PROBLEM TO WORK ON:
Could you set down exactly the lines of the data below, starting at the one that holds "Kanji of LOVE" and ending at the one that holds "Diesel style lab", both included, and only those?

Segment Start: SUPPLIED DATA

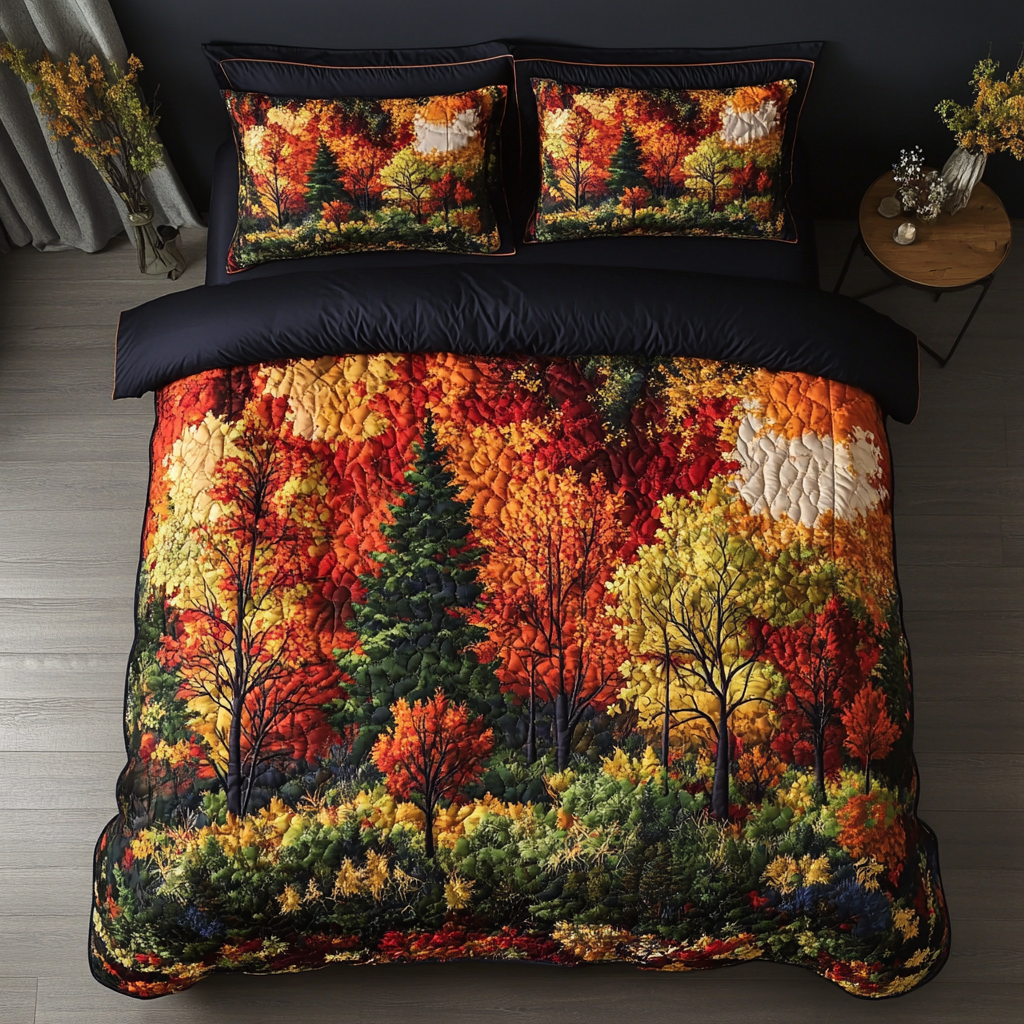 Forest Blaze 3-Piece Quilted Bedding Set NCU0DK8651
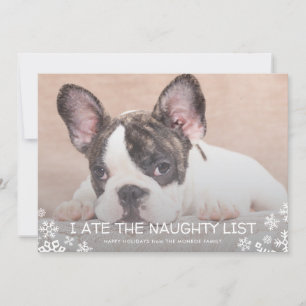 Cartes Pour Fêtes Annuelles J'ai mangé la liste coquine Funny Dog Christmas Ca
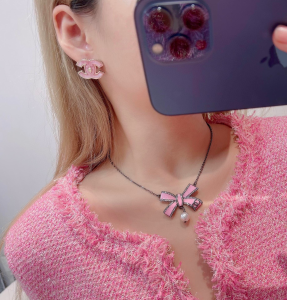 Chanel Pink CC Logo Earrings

Segment End: SUPPLIED DATA
Segment Start: SUPPLIED DATA

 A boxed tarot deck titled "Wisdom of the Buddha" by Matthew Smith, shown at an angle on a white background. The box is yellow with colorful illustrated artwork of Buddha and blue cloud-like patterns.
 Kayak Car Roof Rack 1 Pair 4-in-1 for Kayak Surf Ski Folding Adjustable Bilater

Segment End: SUPPLIED DATA
Segment Start: SUPPLIED DATA

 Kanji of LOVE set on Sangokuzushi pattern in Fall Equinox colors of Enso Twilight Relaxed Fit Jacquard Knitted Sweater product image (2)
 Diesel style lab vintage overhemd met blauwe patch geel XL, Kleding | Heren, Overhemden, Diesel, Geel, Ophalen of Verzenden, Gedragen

Segment End: SUPPLIED DATA

RESPONSE TO THE EXERCISE:
 Kanji of LOVE set on Sangokuzushi pattern in Fall Equinox colors of Enso Twilight Relaxed Fit Jacquard Knitted Sweater product image (2)
 Diesel style lab vintage overhemd met blauwe patch geel XL, Kleding | Heren, Overhemden, Diesel, Geel, Ophalen of Verzenden, Gedragen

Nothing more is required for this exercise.